But that function calls any of three different implementation
functions depending on the situation and the patch only updates one of
them. And it updates that function to return -2 when the is
ECONNRESET, which seems to fly in the face of the comment's idea that
this is the "clean connection closure" case. I think it's probably a
bad sign that this function is tinkering with logic in this sort of
low-level function anyway. pqReadData() is a really general function
that manages to work with non-blocking I/O already, so why does
non-blocking query cancellation need to change its return values, or
whether or not it drops data in certain cases?

I'm also skeptical about the fact that we end up with a whole bunch of
new functions that are just wrappers around existing functions. That's
not a scalable approach. Every function that we have for a PGconn will
eventually need a variant that deals with a PGcancelConn. That seems
kind of pointless, especially considering that a PGcancelConn is
*exactly* a PGconn in disguise. If we decide to pursue the approach of
using the existing infrastructure for PGconn objects to handle query
cancellation, we ought to manipulate them using the same functions we
currently do, with some kind of mode or flag or switch or something
that you can use to turn a regular PGconn into something that cancels
a query. Maybe you create the PGconn and call
PQsprinkleMagicCancelDust() on it, and then you just proceed using the
existing functions, or something like that. Then, not only do the
existing functions not need query-cancel analogues, but any new
functions we add in the future don't either.

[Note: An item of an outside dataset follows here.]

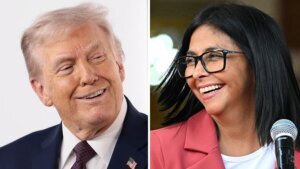 Donald Trump Delcy Rodriguez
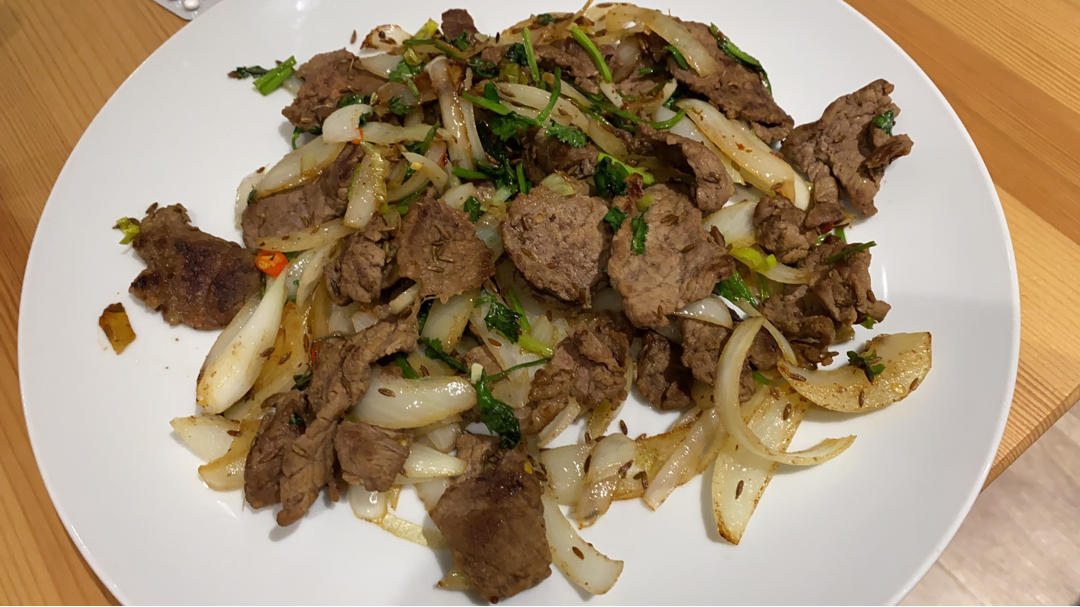 香菜孜然牛肉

I'll set the target version for this patch to 16. I hope work continues.

Thanks,

--
Robert Haas
EDB: http://www.enterprisedb.com

Tom Lane

tgl@sss.pgh.pa.us

about 4 years ago

In reply to: Robert Haas (#7)

Re: Add non-blocking version of PQcancel

Robert Haas <robertmhaas@gmail.com> writes:

That said, I don't think that this particular patch is going in the
right direction. I think Jacob's comment upthread is right on point:
"This seems like a big change compared to PQcancel(); one that's not
really hinted at elsewhere. Having the async version of an API open up
a completely different code path with new features is pretty
surprising to me." It seems to me that we want to end up with similar
code paths for PQcancel() and the non-blocking version of cancel. We
could get there in two ways. One way would be to implement the
non-blocking functionality in a manner that matches exactly what
PQcancel() does now. I imagine that the existing code from PQcancel()
would move, with some amount of change, into a new set of non-blocking
APIs. Perhaps PQcancel() would then be rewritten to use those new APIs
instead of hand-rolling the same logic. The other possible approach
would be to first change the blocking version of PQcancel() to use the
regular connection code instead of its own idiosyncratic logic, and
then as a second step, extend it with non-blocking interfaces that use
the regular non-blocking connection code. With either of these
approaches, we end up with the functionality working similarly in the
blocking and non-blocking code paths.

I think you misunderstand where the real pain point is. The reason
that PQcancel's functionality is so limited has little to do with
blocking vs non-blocking, and everything to do with the fact that
it's designed to be safe to call from a SIGINT handler. That makes
it quite impractical to invoke OpenSSL, and probably our GSS code
as well. If we want support for all connection-time options then
we have to make a new function that does not promise signal safety.

I'm prepared to yield on the question of whether we should provide
a non-blocking version, though I still say that (a) an easier-to-call,
one-step blocking alternative would be good too, and (b) it should
not be designed around the assumption that there's a completely
independent state object being used to perform the cancel. Even in
the non-blocking case, callers should only deal with the original
PGconn.

Leaving the question of approach aside, I think it's fairly clear that
this patch cannot be seriously considered for v15.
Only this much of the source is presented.